Tree-Based Models
Recursive partitioning is a fundamental tool in data mining. It helps us explore the stucture of a set of data, while developing easy to visualize decision rules for predicting a categorical (classification tree) or continuous (regression tree) outcome. This section briefly describes CART modeling, conditional inference trees, and random forests.
CART Modeling via rpart
Classification and regression trees (as described by Brieman, Freidman, Olshen, and Stone) can be generated through the rpart package. Detailed information on rpart is available in An Introduction to Recursive Partitioning Using the RPART Routines. The general steps are provided below followed by two examples.
1. Grow the Tree
To grow a tree, use
				rpart(formula, data=, method=,control=) where
| formula | is in the format outcome ~ predictor1+predictor2+predictor3+ect. | 
| data= | specifies the dataframe | 
| method= | "class" for a classification tree "anova" for a regression tree | 
| control= | optional parameters for controlling tree growth. For example, control=rpart.control(minsplit=30, cp=0.001) requires that the minimum number of observations in a node be 30 before attempting a split and that a split must decrease the overall lack of fit by a factor of 0.001 (cost complexity factor) before being attempted. | 
2. Examine the results
The following functions help us to examine the results.

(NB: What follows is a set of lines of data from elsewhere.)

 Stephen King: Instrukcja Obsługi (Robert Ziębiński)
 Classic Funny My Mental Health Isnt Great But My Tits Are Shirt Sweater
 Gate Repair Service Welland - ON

| printcp(fit) | display cp table | 
| plotcp(fit) | plot cross-validation results | 
| rsq.rpart(fit) | plot approximate R-squared and relative error for different splits (2 plots). labels are only appropriate for the "anova" method. | 
| print(fit) | print results | 
| summary(fit) | detailed results including surrogate splits | 
| plot(fit) | plot decision tree | 
| text(fit) | label the decision tree plot | 
| post(fit, file=) | create postscript plot of decision tree | 
In trees created by rpart( ), move to the LEFT branch when the stated condition is true (see the graphs below).
3. prune tree
Prune back the tree to avoid overfitting the data. Typically, you will want to select a tree size that minimizes the cross-validated error, the xerror column printed by printcp( ).
Prune the tree to the desired size using
				prune(fit, cp= ) 
Specifically, use printcp( ) to examine the cross-validated error results, select the complexity parameter associated with minimum error, and place it into the prune( ) function. Alternatively, you can use the code fragment
fit$cptable[which.min(fit$cptable[,"xerror"]),"CP"]
to automatically select the complexity parameter associated with the smallest cross-validated error. Thanks to HSAUR for this idea.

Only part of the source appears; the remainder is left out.